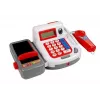 LEAN TOYS Caixa registadora com carrinho de compras, cestos e acessórios | Conjunto de faz de conta de 35 peças com calculadora funcional, scanner iluminado, microfone, carrinho de compras e cesto | Para crianças a partir dos 3 anos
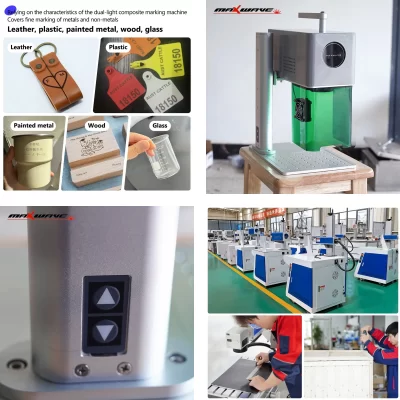 Compact Dual Laser Engraver for Home Use: Mark Wood Metal Bamboo Leather Paper Jewelry Rings Handheld & Desktop Modes Included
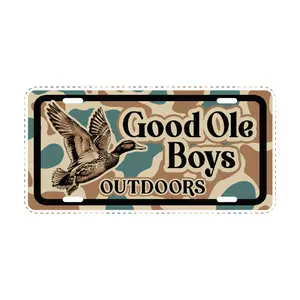 Good Ole Boys Outdoors Front License Plate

## Exercise
A word-for-word transcription of the listing is needed, minus its images.

## Exercise result
 LEAN TOYS Caixa registadora com carrinho de compras, cestos e acessórios | Conjunto de faz de conta de 35 peças com calculadora funcional, scanner iluminado, microfone, carrinho de compras e cesto | Para crianças a partir dos 3 anos
 Compact Dual Laser Engraver for Home Use: Mark Wood Metal Bamboo Leather Paper Jewelry Rings Handheld & Desktop Modes Included
 Good Ole Boys Outdoors Front License Plate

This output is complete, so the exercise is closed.